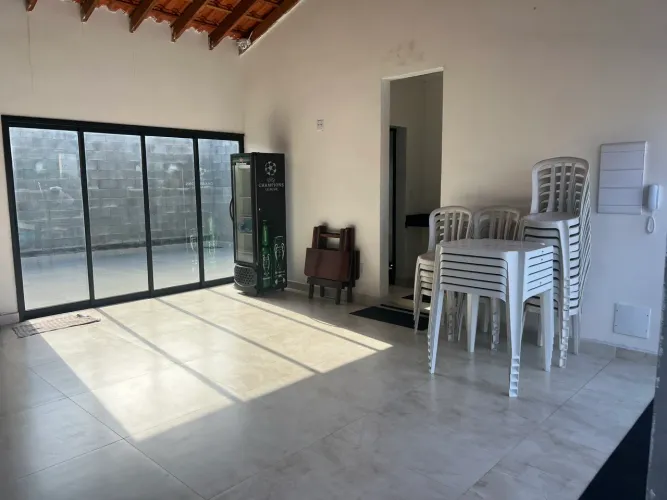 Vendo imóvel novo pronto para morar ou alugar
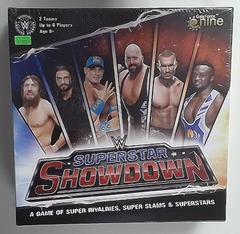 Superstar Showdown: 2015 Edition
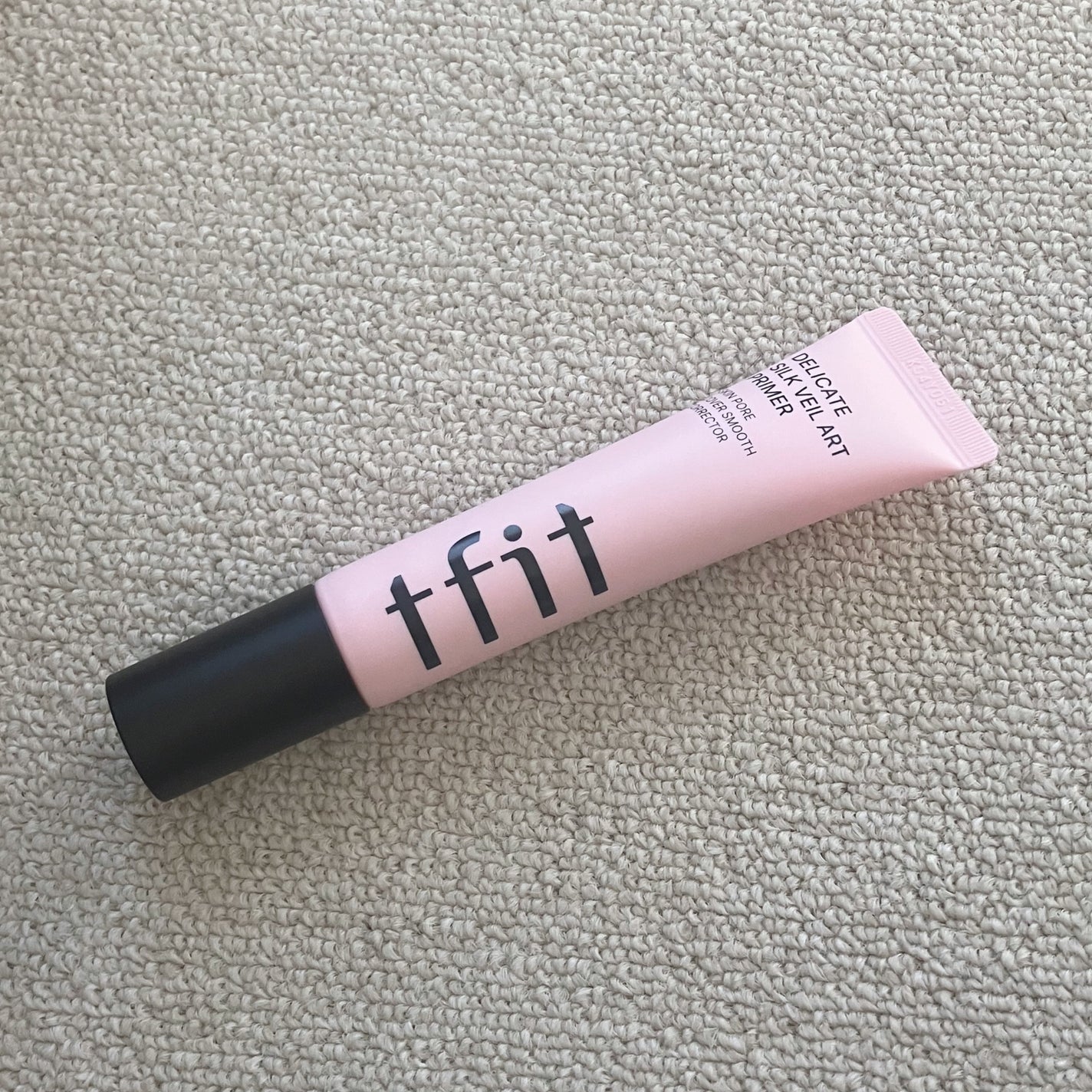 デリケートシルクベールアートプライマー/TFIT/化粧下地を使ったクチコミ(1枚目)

...

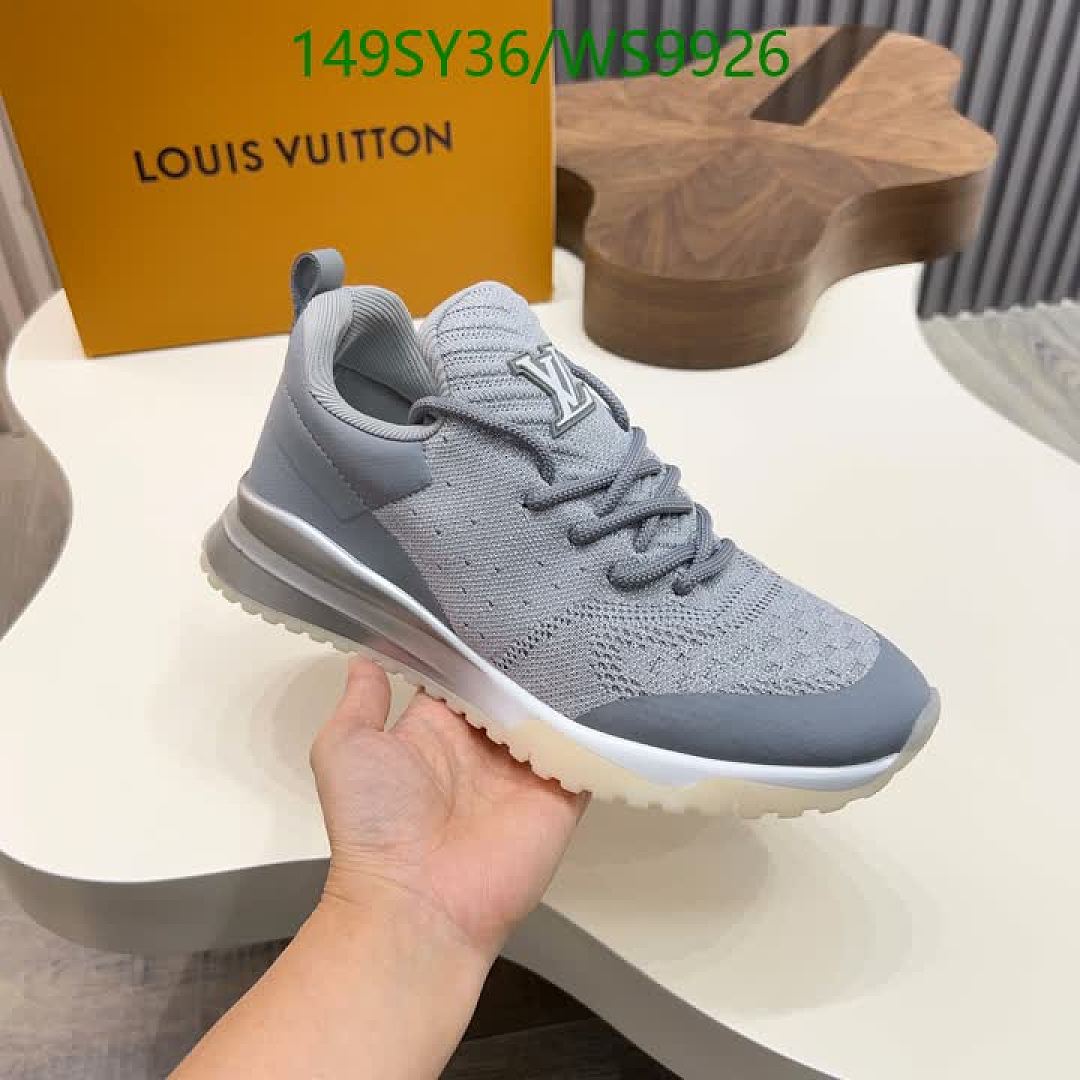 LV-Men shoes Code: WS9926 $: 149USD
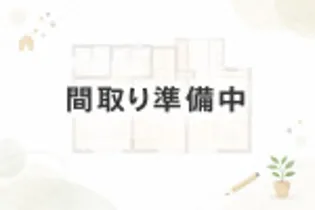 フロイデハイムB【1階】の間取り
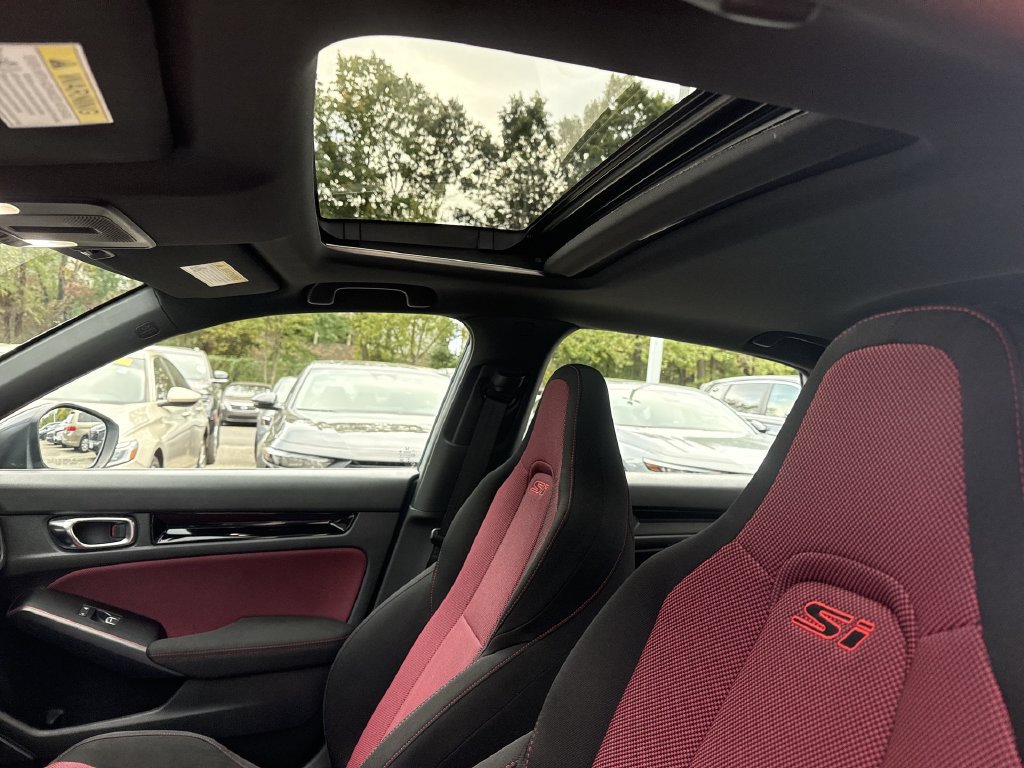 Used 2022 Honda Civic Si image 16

▶ [REQUIRED ACTION]: Return the stretch of data that begins with the line showing "フロイデハイムB【1階】の間取り" and goes on through the line showing "Used 2022 Honda Civic Si image 16", exactly, with pictures removed.

▶ [SOLUTION TO THE EXERCISE]:
 フロイデハイムB【1階】の間取り
 Used 2022 Honda Civic Si image 16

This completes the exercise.